Data shown START
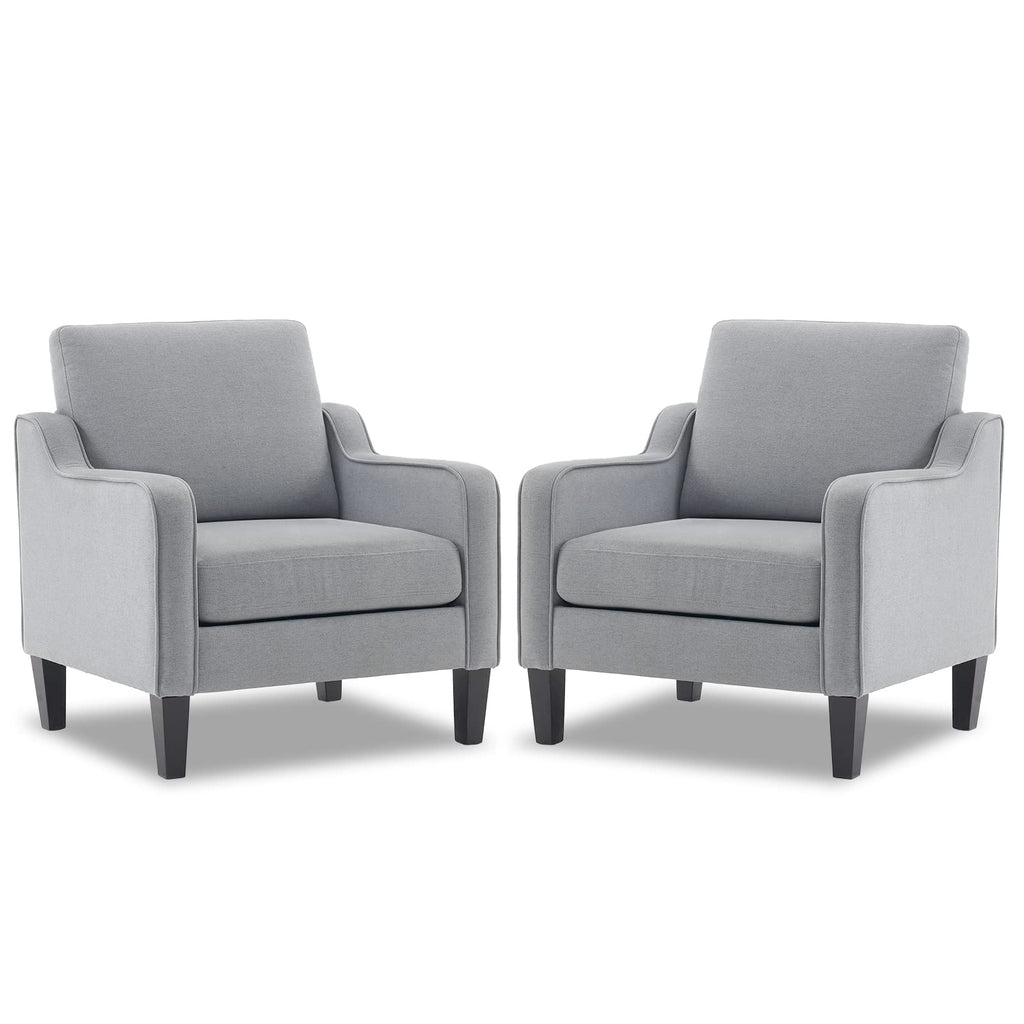 Vingli Modern Accent Chairs Set Of 2,Comfy Grey Armchair For Bedroom,Living Room Upholstered Sofa Chair Reading Chair For Small Spaces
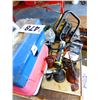 Image 1 : 2 TACKLE BOXES, 2 GREASE GUNS, HALOGEN WORK LIGHT, OILERS, BELTS, ETC - BUNDLE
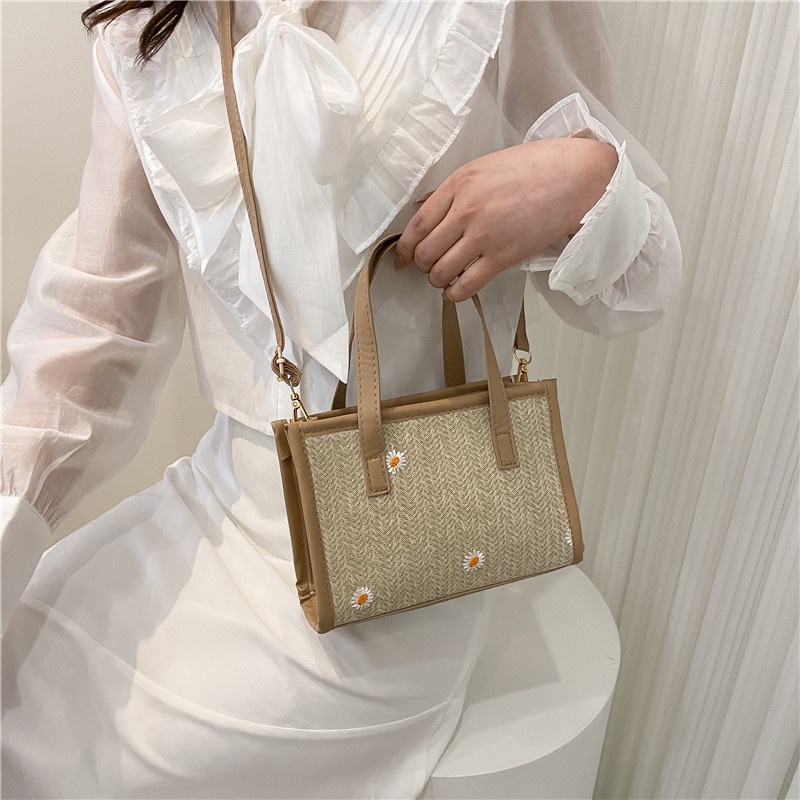 Túi Xách Đan Lát Cỡ Lớn Thiết Kế Mới Thời Trang Theo Phong Cách Hàn Quốc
Data shown END
### What this task involves
Would you return the material exactly, images excluded?

### Exercise result
 Vingli Modern Accent Chairs Set Of 2,Comfy Grey Armchair For Bedroom,Living Room Upholstered Sofa Chair Reading Chair For Small Spaces
 Image 1 : 2 TACKLE BOXES, 2 GREASE GUNS, HALOGEN WORK LIGHT, OILERS, BELTS, ETC - BUNDLE
 Túi Xách Đan Lát Cỡ Lớn Thiết Kế Mới Thời Trang Theo Phong Cách Hàn Quốc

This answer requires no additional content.